# LISTED ENTRIES:

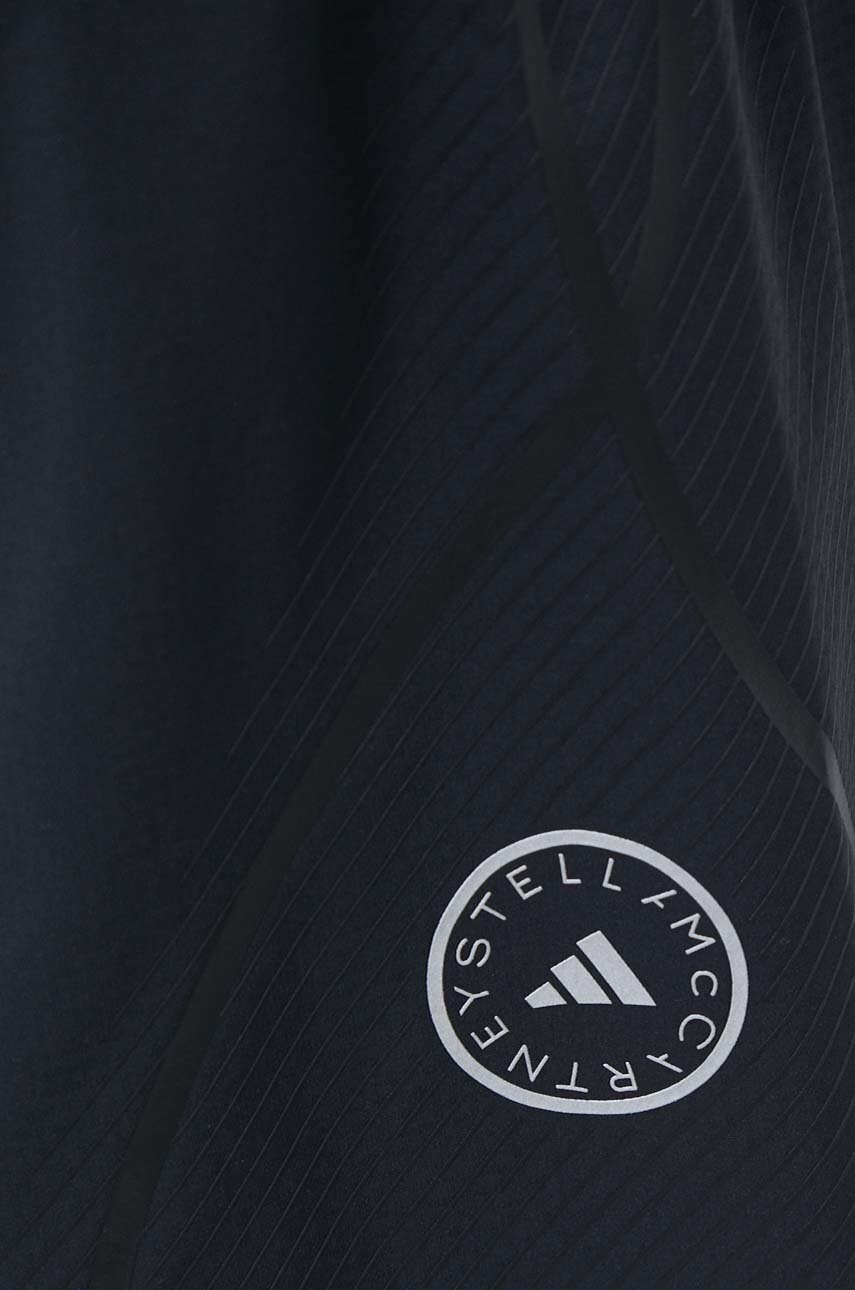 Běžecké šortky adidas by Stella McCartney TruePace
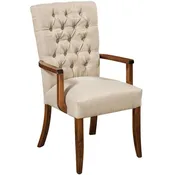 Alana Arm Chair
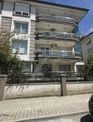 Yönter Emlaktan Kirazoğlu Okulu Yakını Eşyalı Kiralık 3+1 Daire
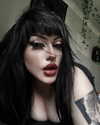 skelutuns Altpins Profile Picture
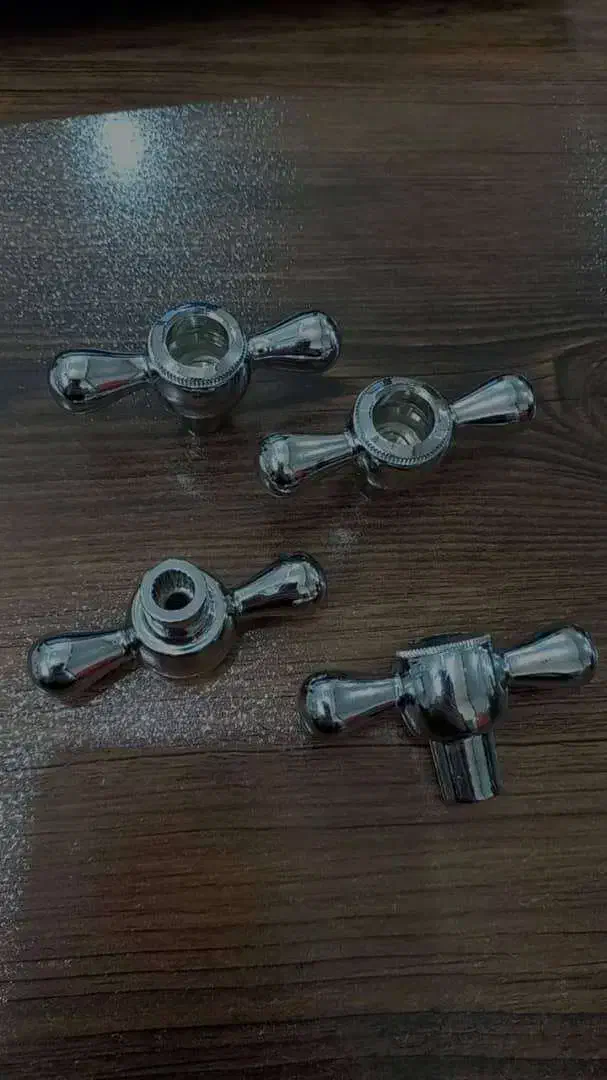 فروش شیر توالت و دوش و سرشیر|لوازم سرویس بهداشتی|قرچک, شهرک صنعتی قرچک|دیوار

# TASK ITEM:
For this exercise, copy the entries above exactly and skip any picture.

# WRITTEN SOLUTION:
 Běžecké šortky adidas by Stella McCartney TruePace
 Alana Arm Chair
 Yönter Emlaktan Kirazoğlu Okulu Yakını Eşyalı Kiralık 3+1 Daire
 skelutuns Altpins Profile Picture
 فروش شیر توالت و دوش و سرشیر|لوازم سرویس بهداشتی|قرچک, شهرک صنعتی قرچک|دیوار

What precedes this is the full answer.